> _Description of the task_:
All of the data should be restated word for word, with the pictures omitted.

Stored data:
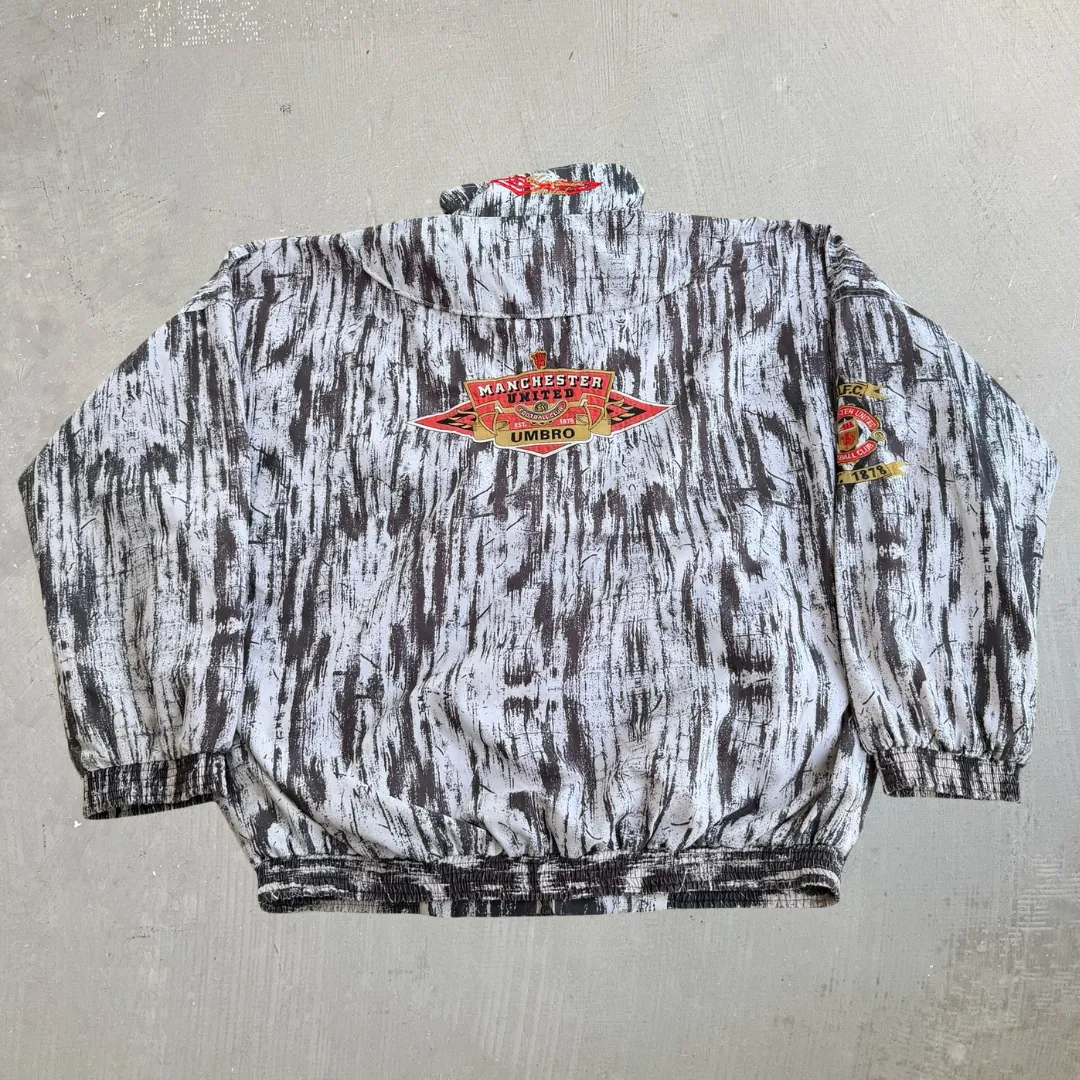 J- Vintage Umbro Manchester United Football Club Embroidered Patch Text Lightweight Zip Up Jacket - XL sold by HG Vintage product image thumbnail 5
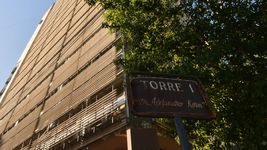 un incendio destapo un llamativo y abultado robo en la torre 1 de plaza moreno un incendio destapo un llamativo y abultado robo en la torre 1 de plaza moreno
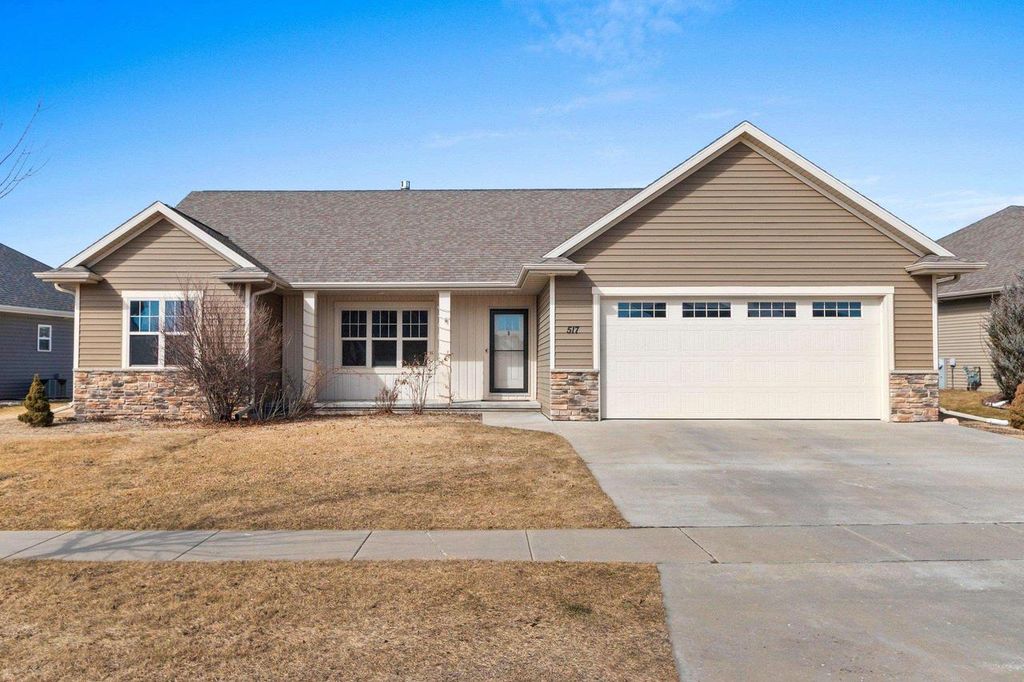 517 PEBBLESTONE CIRCLE, Hobart, WI 54155
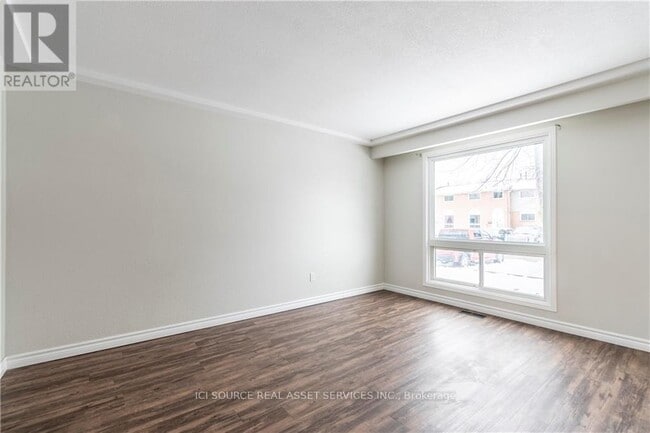 Photo - 205 Carlyle Dr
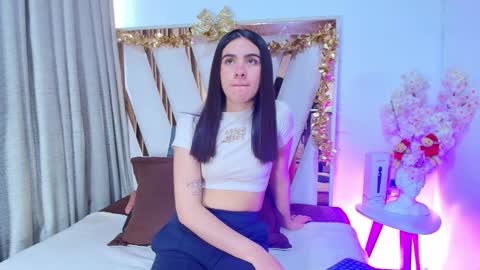 dafne_quenn online show from December 17, 1:26 pm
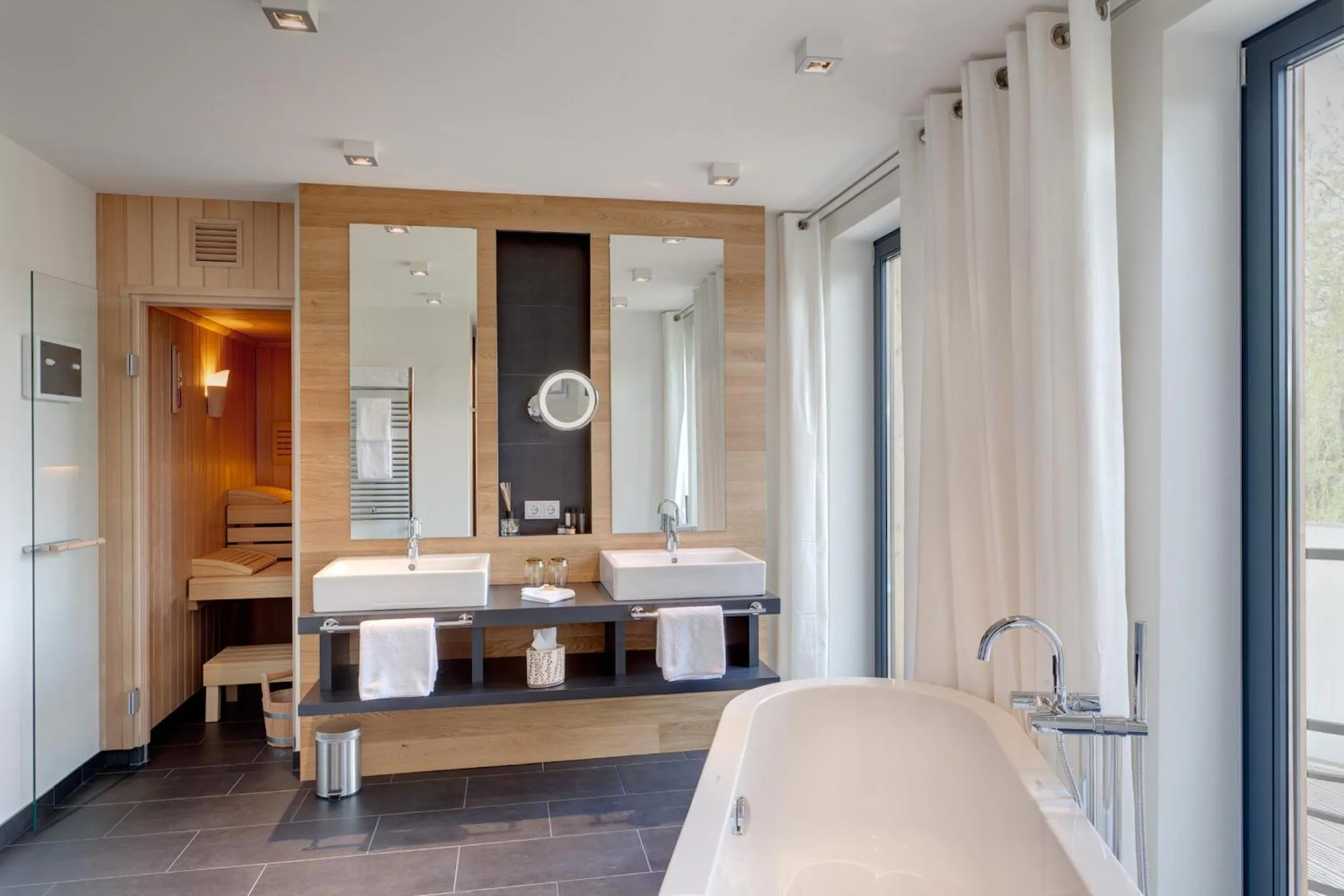 Bathroom in Hotel Strandhaus - Boutique Resort & Spa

> _Answer to this task_:
 J- Vintage Umbro Manchester United Football Club Embroidered Patch Text Lightweight Zip Up Jacket - XL sold by HG Vintage product image thumbnail 5
 un incendio destapo un llamativo y abultado robo en la torre 1 de plaza moreno un incendio destapo un llamativo y abultado robo en la torre 1 de plaza moreno
 517 PEBBLESTONE CIRCLE, Hobart, WI 54155
 Photo - 205 Carlyle Dr
 dafne_quenn online show from December 17, 1:26 pm
 Bathroom in Hotel Strandhaus - Boutique Resort & Spa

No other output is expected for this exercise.